Revisit process metrics #334

braydonk · 2023-09-20T14:32:35Z

Pursuant to #330 which should be merged soon, I am opening this issue to revisit the process metrics schema while we are making breaking changes anyway.

As of writing, the only changes to the process schema will be to namespace every attribute. There are a couple of changes that should be discussed among the Hostmetrics WG to improve the schema.

Following are the current points up for discussion:

Should the attributes be considered exhaustive?
process.threads -> process.thread.count
process.context_switches -> process.context_switch.count
process.network.io.direction, transmit -> send
process.cpu.utilization, do we have a better way to indicate that this metric is intended to be computed from another?

Please comment if you have any additional points to discuss. I will comment my own opinion on each below so I don't bias the root issue post with my own opinions.
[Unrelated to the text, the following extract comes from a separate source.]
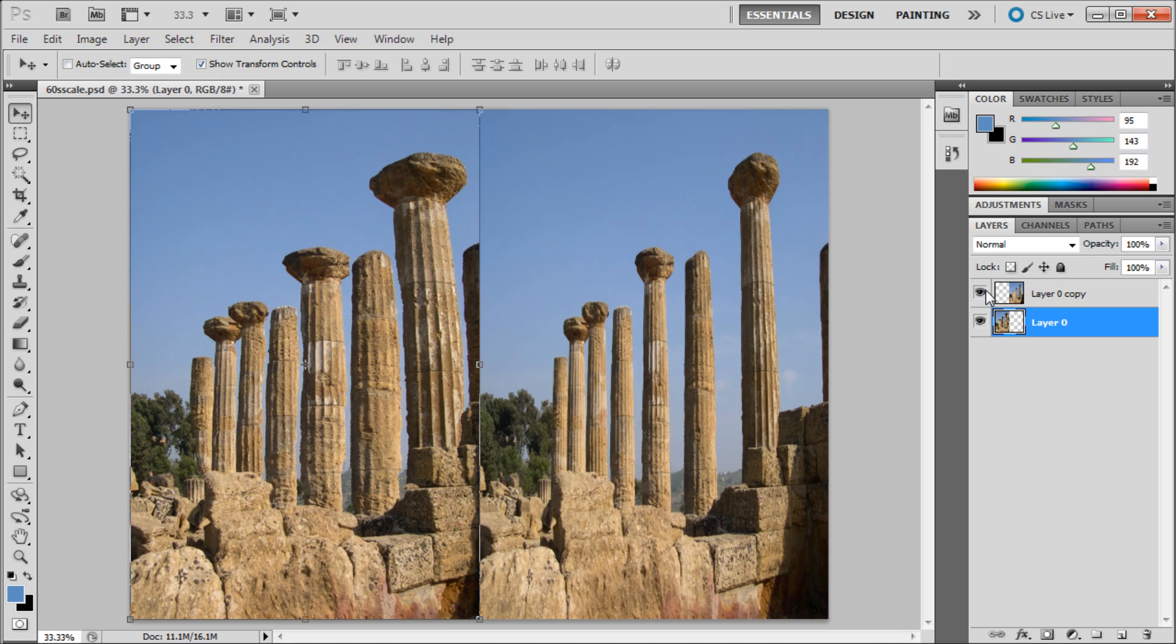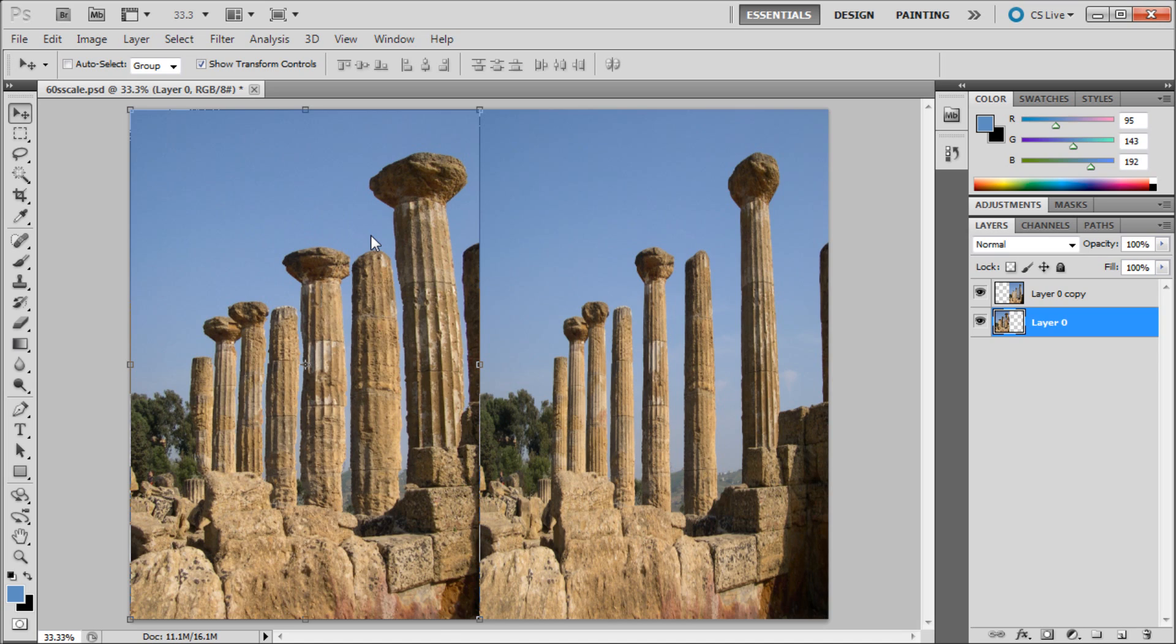So if I turn on the other layer, you can see the huge difference that the content-aware scale makes in Photoshop. This has been a 60-second tutorial by River City Graphics. Be sure to subscribe, rate, and comment for more.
If any of these need a larger discussion I will spin them into child issues.

The text was updated successfully, but these errors were encountered:

braydonk · 2023-09-20T14:36:10Z

Should the attributes be considered exhaustive?

I think each attribute in the current process metrics schema is exhaustive:

both direction attributes have their respective in and out equivalents
process.paging.faults.type, is there such thing other than a major or minor page fault?
process.context_switches.type, voluntary and involuntary on their own are grammatically exhaustive, and I can't imagine any other value for this.
process.cpu.state is the only one where it could be up in the air for some super niche edge case; I can't think of any CPU state other than the existing system, user, and wait personally but would love to learn if there is something

braydonk · 2023-09-20T14:40:49Z

`process.threads` -> `process.thread.count`

This was discussed in https://github.com/open-telemetry/semantic-conventions/pull/330/files#r1330094680

While I think it makes sense to merge with ECS where possible, I'm not sold on the rename to process.threads.count for 2 reasons:

Every metric in the process.threads namespace in the linked ECS docs all seem to give information about a single process thread "resource" so to speak. This metric is about the thread count of a process "resource", so I fear this metric being in a process.thread namespace is confusing.
The guidance in Analyze naming conventions for (monotonic) counter metrics #260 could be relevant for this, however this is a non-monotonic counter. Does the guidance in Analyze naming conventions for (monotonic) counter metrics #260 apply in the negative sense as well, where metrics should only be named count iff they are a monotonic counter?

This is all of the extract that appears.